United States District Court, E.D. Kentucky, Central Division, Lexington

October 25, 2017

THOMAS ADAMS, et al., Plaintiffs,


          Joseph M. Hood Senior U.S. District Judge.


         When employees work more than forty hours in a week, they expect overtime pay. Under the Fair Labor Standards Act (“FLSA”), employees working these hours are entitled to time-and-a-half, unless the Act exempts them. Employees at Nature's Expressions Landscaping, Inc. (“NEL”) claim they have worked more than forty hours per week. They are not exempt from the FLSA. And now they want their overtime pay. So they have filed a collective action in this Court asking for their money.

         But NEL argues it owes nothing. Some Plaintiffs, according to NEL, never worked for the company. Others work under contracts specifically spelling out overtime and straight time pay. In fact, NEL claims the company compensates some employees above what the FLSA requires. These employees, NEL argues, do not understand how their own wages are calculated. And finally NEL argues that some employees trying to join this action simply filed too late. So NEL now asks for Summary Judgment or, in the alternative, Decertification of four groups of plaintiffs. Plaintiffs have responded [DE 43], and Defendant filed a reply [DE 45] making the matter ripe for review.
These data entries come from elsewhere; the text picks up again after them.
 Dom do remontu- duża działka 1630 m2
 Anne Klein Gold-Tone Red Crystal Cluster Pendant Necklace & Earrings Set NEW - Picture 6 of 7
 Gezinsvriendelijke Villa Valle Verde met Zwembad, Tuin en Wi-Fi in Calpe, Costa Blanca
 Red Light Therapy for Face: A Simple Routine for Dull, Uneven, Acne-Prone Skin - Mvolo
         For the reasons stated herein, Defendant's Motion for Partial Summary Judgment is GRANTED IN PART, DENIED IN PART, and DENIED IN PART AS MOOT. Defendant's motion for Decertification is DENIED.


         Plaintiffs Thomas Adams, Adam Allnut, Frankie Anderson, Steven Atwood, Charles Cook, John Heska, and Ron Stewart filed this action on March 30, 2016 seeking unpaid overtime wages under the FLSA. [DE 1]. Plaintiffs worked for NEL, a landscape architecture firm that “creates and constructs outdoor living spaces for clients throughout central Kentucky.” [DE 1-1 at p. 7-8, ¶17]. NEL pays employees a set rate per day. [Id. at p. 8, ¶18]. Plaintiffs allege that this compensation scheme violates the FLSA because it does not account for overtime hours. [Id. at p. 8-14].
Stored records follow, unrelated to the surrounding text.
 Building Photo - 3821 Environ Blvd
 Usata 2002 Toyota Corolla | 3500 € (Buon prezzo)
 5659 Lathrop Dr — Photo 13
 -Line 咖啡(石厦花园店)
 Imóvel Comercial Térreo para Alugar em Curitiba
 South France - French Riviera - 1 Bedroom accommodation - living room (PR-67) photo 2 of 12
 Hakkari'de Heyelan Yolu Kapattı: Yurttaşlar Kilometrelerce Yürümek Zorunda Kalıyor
         As the Plaintiffs describe it, NEL assigns each employee a daily wage based on his position and duties. [Id. at p. 8-9, ¶20]. Each employee is required to work a certain number of hours per day, which is divided into “quarter days.” [Id. at p. 9, ¶22]. NEL tracks the number of hours worked by each employee, and then rounds that number to the nearest quarter day. [Id.]. NEL pays the employee the sum equal to the employee's agreed upon day rate, prorated by quarter days worked. [Id.]. For example, NEL might require an employee to work ten hours per day and pay that employee $160 per day, based on the ten hours of work. [Id. at p. 10, ¶23]. But on any given day, if that employee works only 7.5 hours, his $160 per day would be prorated to three-fourths of the total daily rate. [Id.]. Plaintiffs claim NEL uses this method for all work, even if employees work more than 40 hours in a week. [Id. at p. 12, ¶26].
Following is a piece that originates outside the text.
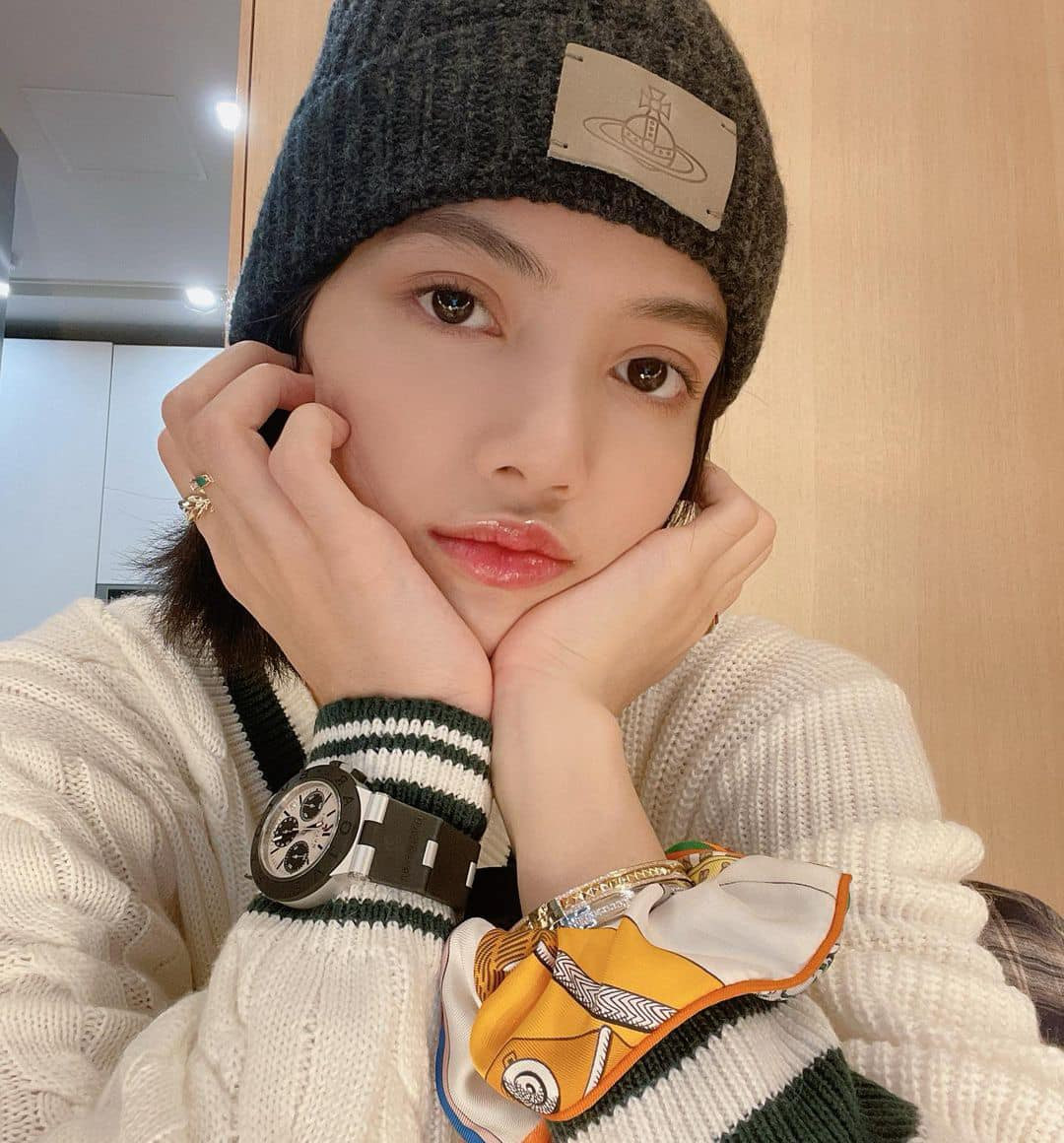 BLACKPINK đồng loạt lăng xê một chiếc quần, netizen truy tìm lai lịch thì càng bất ngờ hơn ảnh 4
         Put simply, Plaintiffs claim NEL is not paying time-and-a-half for overtime. Plaintiffs have suspected as much since early 2016, when Ron Stewart and Steven Atwood filed administrative complaints with the Kentucky Labor Cabinet (“KLC”) seeking unpaid overtime wages. [Id. at p. 15, ¶36]. The KLC began investigating NEL's compensation practices, and even visited NEL premises. [Id.]. Although Stewart and Atwood later withdrew their complaints, the investigation remains pending, but its status is unknown. [DE 1-1 at p. 15; 24].

         A short time after filing with the KLC, Stewart and Atwood, along with the other named Plaintiffs, filed this action in Jessamine Circuit Court seeking overtime wages under the FLSA. [DE 1-1]. Plaintiffs also filed retaliation claims under the FLSA and state-law claims under the Kentucky Work and Hour Act (“KWHA”). [Id.]. NEL promptly removed the case to this Court on the basis of federal question and supplemental jurisdiction. [DE 1].

         After the Defendant filed its Answer, the Plaintiffs moved pursuant 29 U.S.C. § 216(b) to conditionally certify this case as a collective action. [DE 14]. Under that provision of the FLSA, similarly situated plaintiffs may bring their cases together as a collective. 29 U.S.C. § 216(b).

         The Court granted Plaintiffs' motion in a November 1, 2016 Memorandum Opinion and Order. [DE 26]. The Order approved Plaintiffs' proposed notice and opt-in consent forms. These forms were sent to the “FLSA Notice Group, ” which included “all individuals currently or formerly employed by NEL who, within the three-year period preceding the date of this Court's certification Order, were compensated under the ‘day-rate' scheme, as that term is described in Plaintiffs' Complaint, and who worked hours in excess of forty (40) during any week throughout the course of their employment.” [DE 22 at p. 10]. This group had ninety days to fill out the paperwork and join the class. [Id. at p. 11]. All opt-in consent forms would be “deemed to have been filed with the Court the date that they are stamped as received.” [Id.]. The deadline was set for February 12, 2017. [DE 28-1]. Since that Order issued, many current or former NEL employees have completed and submitted opt-in forms. [DE 27; 28; 29; 30; 31; 32].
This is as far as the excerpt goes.